Solidariedade africana com Cuba e Palestina
A 39.ª cimeira da União Africana (UA), que decorreu nos dias 14 e 15 deste mês, em Adis Abeba, concluiu os seus trabalhos com um apelo à paz, à segurança e à unidade continental. Mais de meia centena de chefes de Estado e de governo ou seus representantes, reunidos na capital etíope, ressaltaram as prioridades estratégicas e destacaram a responsabilidade compartida de África para abordar os conflitos, avançar no desenvolvimento e fortalecer a governação continental.
Sob o tema «Assegurando a disponibilidade sustentável de água e dos sistemas de saneamento seguro para alcançar os objectivos da Agenda 2063», os dirigentes africanos reafirmaram o seu compromisso com o desenvolvimento a longo prazo e a integração regional. No final dos trabalhos, o chefe do Estado do Burundi, Évariste Ndayishimiye, eleito presidente da UA para 2026 (substituiu João Lourenço, de Angola) e o presidente da Comissão da UA, Mahmoud Ali Youssouf, destacaram que a atenção da cimeira colocou o foco na paz, na segurança e em outras questões fundamentais, como as reformas internas, o compromisso da África com o G20 e o avanço da Área de Livre Comércio Continental Africana.
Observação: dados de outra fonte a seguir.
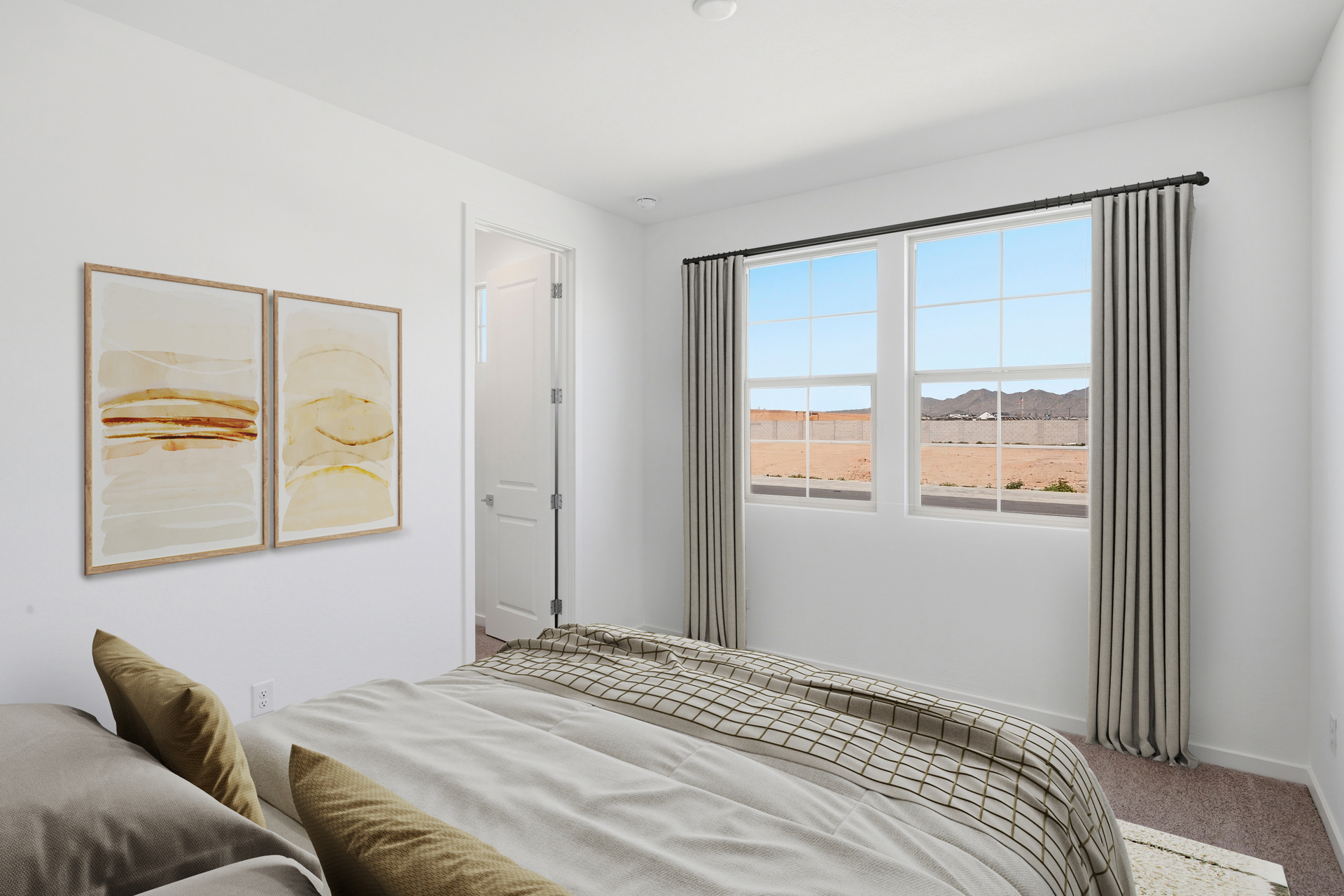 bedroom with a white rug, a large bed, and abstract art on the wall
A cimeira abordou as necessárias reformas do Conselho de Segurança da ONU, pedindo que a África obtenha dois assentos permanentes com poder de veto e cinco lugares não permanentes, o que reflecte a crescente influência global do continente.
Mahmoud Ali Youssouf reafirmou uma posição de «tolerância zero» sobre mudanças inconstitucionais de governo e reiterou a determinação da UA de «silenciar as armas», valorizando a paz e a estabilidade como requisitos prévios para a unidade e o desenvolvimento sustentável em toda a África.
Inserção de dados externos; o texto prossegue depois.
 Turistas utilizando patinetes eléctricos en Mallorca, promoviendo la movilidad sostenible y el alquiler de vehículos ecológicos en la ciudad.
Significativo foi o posicionamento, que não é de agora, adoptado pela cimeira dos países africanos em relação a Cuba e à Palestina. A assembleia aprovou, pela 17.ª vez consecutiva, uma resolução que condena o bloqueio económico, comercial e financeiro dos EUA contra Cuba. O texto inclui o apelo da UA a que Washington retire a nação caribenha da unilateral e injustificada lista de países que supostamente patrocinam o terrorismo, sublinhando o carácter arbitrário de tal designação. A resolução reafirma, uma vez mais, os profundos laços históricos, políticos e de solidariedade que unem os povos africanos e cubano e constitui uma clara expressão do apoio à eliminação dessa medida que consideram «injusta, ilegal e contrária aos princípios do direito internacional e à soberania dos Estados».
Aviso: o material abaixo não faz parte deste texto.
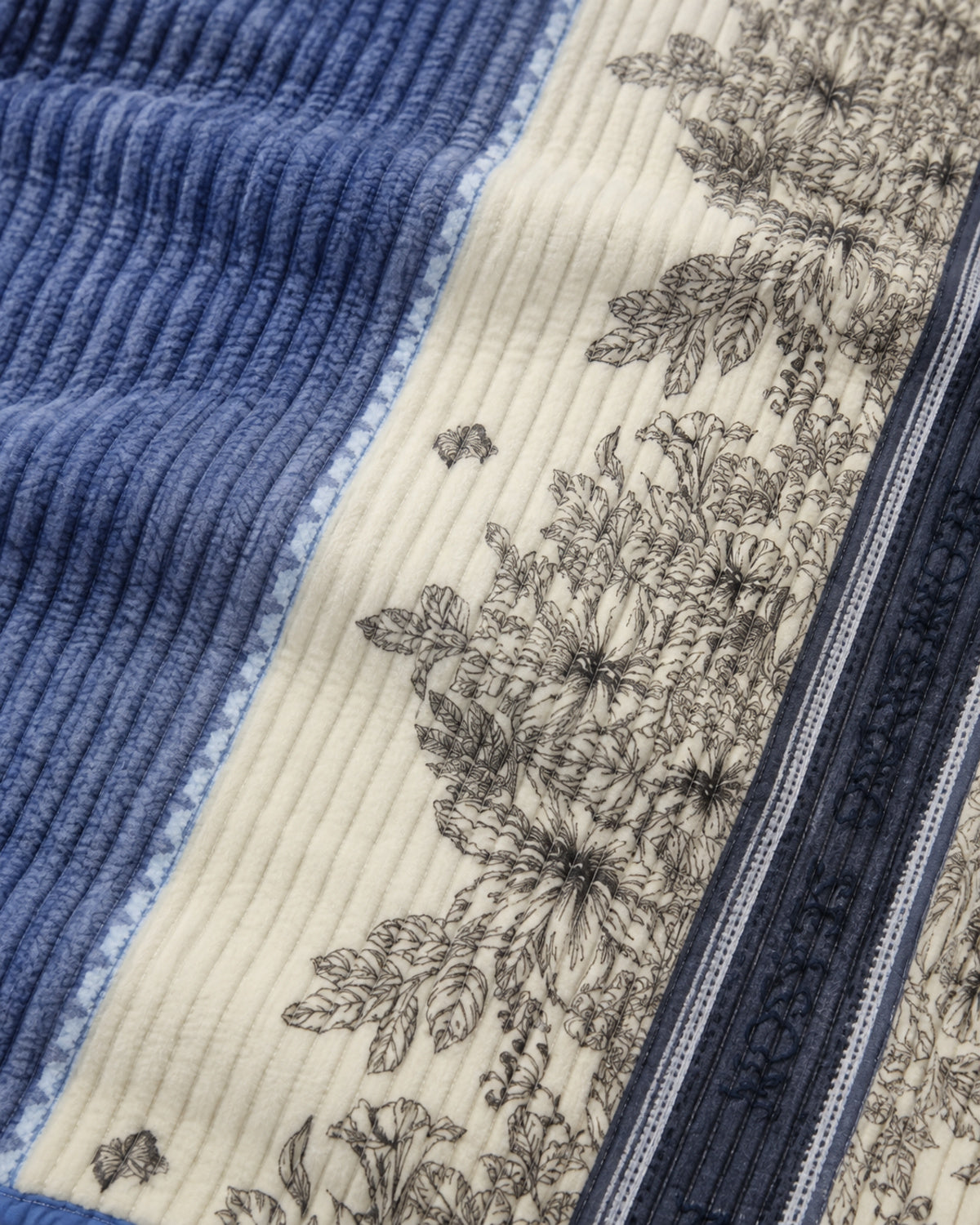 Close-up of ribbed blue and ivory botanical Smartchoice comforter fabric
Na declaração final da cimeira, os dirigentes africanos pediram que se outorgue ao Estado da Palestina o estatuto de membro com plenos direitos nas Nações Unidas, em consonância com o apoio maioritário da comunidade internacional. Realçaram que esta medida representa o direito legítimo do povo palestiniano à autodeterminação e ao fim da ocupação estrangeira. Condenaram energicamente qualquer tentativa de deslocar à força a população palestiniana. Alertaram para a deterioração da situação humanitária na Faixa de Gaza, onde o bloqueio e a proibição da entrada de ajuda médica e socorro põem em risco a vida de milhões de civis. E reiteraram a solidariedade plena com a luta palestiniana pela liberdade e o estabelecimento de um Estado independente.